There was a day and a time when having a college degree was worth something, because only a small group had it. When "everybody" has a college degree it becomes relatively worthless, since those with degrees are a dime a dozen. Our company got bought out by a 12000 employee corporation based out of England. They put this tremendous value on college degrees. We now have a bunch of them. One is same position as me, senior manufacturing engineer, which I probably really shouldn't be considered an engineer because all I have is a tool and die journeyman card and 27 years in the industry. I am top level program and process/machining support for our whole machine shop. He has no shop experience, never seen a CNC until 5 months ago, never ran as much as a drill press or a burr bench. He makes up power points, charts, and does "lean manufacturing exercises". I make chips and sell-able product. Last time I checked we have never sold a chart or document, but we sell the hell out of cylinders. When everybody wants to go to college and be a "leader" but nobody is doing actual work, we are in for a rough ride.

3 ways to create wealth. Agriculture, mining, or manufacturing. EVERYTHING else, while necessary to a point, is not.


----------



## Lunatic Wrench (May 13, 2018)

T-Man 1066 said:


> There was a day and a time when having a college degree was worth something, because only a small group had it. When "everybody" has a college degree it becomes relatively worthless, since those with degrees are a dime a dozen. Our company got bought out by a 12000 employee corporation based out of England. They put this tremendous value on college degrees. We now have a bunch of them. One is same position as me, senior manufacturing engineer, which I probably really shouldn't be considered an engineer because all I have is a tool and die journeyman card and 27 years in the industry. I am top level program and process/machining support for our whole machine shop. He has no shop experience, never seen a CNC until 5 months ago, never ran as much as a drill press or a burr bench. He makes up power points, charts, and does "lean manufacturing exercises". I make chips and sell-able product. Last time I checked we have never sold a chart or document, but we sell the hell out of cylinders. When everybody wants to go to college and be a "leader" but nobody is doing actual work, we are in for a rough ride.
> 
> 3 ways to create wealth. Agriculture, mining, or manufacturing. EVERYTHING else, while necessary to a point, is not.


Always one of my points as well. I've had a number of bosses with college degrees or educated in construction management that don't know the first thing about building a house let alone swinging a hammer, needless to say I tend to butt heads with them. Producing goods is the key to longevity, you can't eat spreadsheets and they make for poor shelters, and lets not forget that the human races has survived for 10 of thousands of years w/o spreadsheets.


----------



## The Tourist (Jun 9, 2016)

So we're 21.9 trillion in debt, huh? Maybe it's time to let Pelosi win the presidency.

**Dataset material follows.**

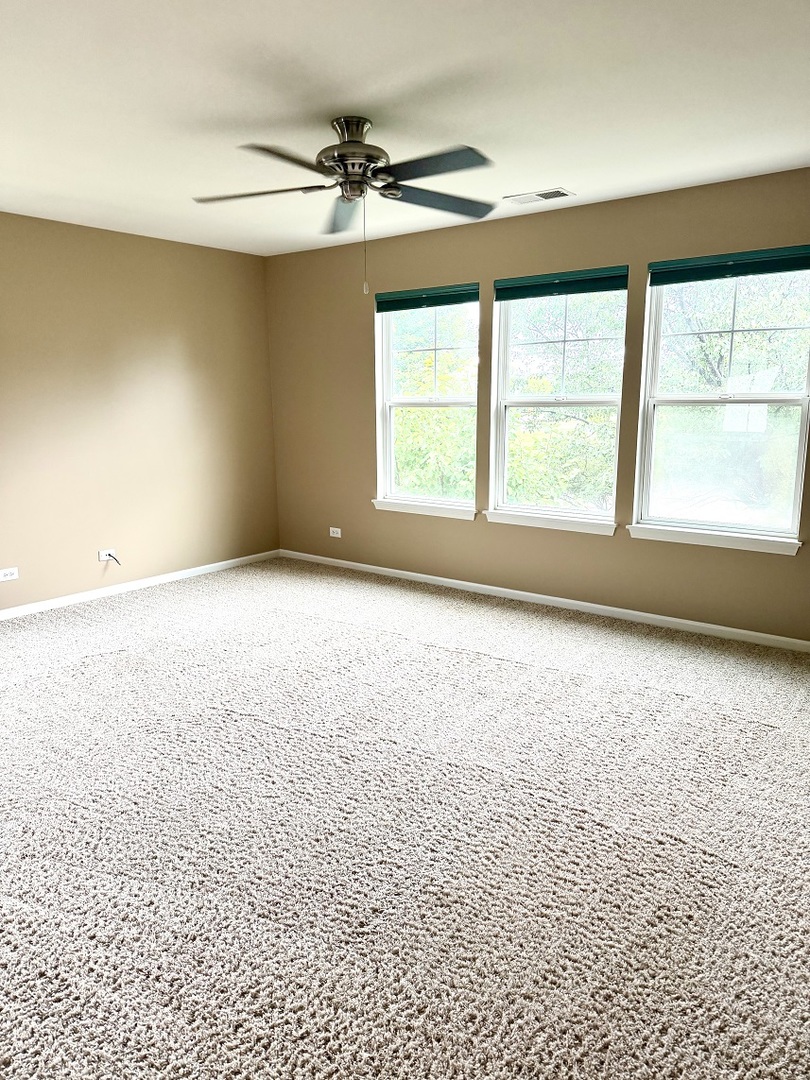 1282 Newport Circle Property Photo 18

And it would be fun to hear O'Scario Cortex tell her, "_Wow, that's the biggest check I ever wrote..._"

But Denton's comment is the one that scares me. If foreign countries are dumping the dollar, that will directly effect the cost of oil. To my knowledge, no matter which country buys ******* oil, they must use American currency. If that changes and we must trade the imams with shiny beads, we might not get the same bang for our bucks.


----------



## RedLion (Sep 23, 2015)

Inor said:


> I spent the first 49 years of my life in Minnesota. I did not realize how truly expensive it was there until we left! Minnesota is not THE most expensive state for anything, but they are in the 10% most expensive for almost EVERYTHING. Since leaving, I am working 3/4 the time I was working there and my disposable income has more than doubled. (I am self-employed, so my job remained the same.)
> 
> It was no "one thing" that was so expensive there. But a combination of a bunch of little things made all the difference in the world.
> 
> Red Lion my friend, my advice to you is finish your time at Ft. Snelling, then hop on I-35 south and don't stop for anything but gas at least until you hit the Oklahoma state line! It is a WHOLE different and better world south of I-40, I-10 is even better, and south of I-10 (my new stomping ground) is God's Country!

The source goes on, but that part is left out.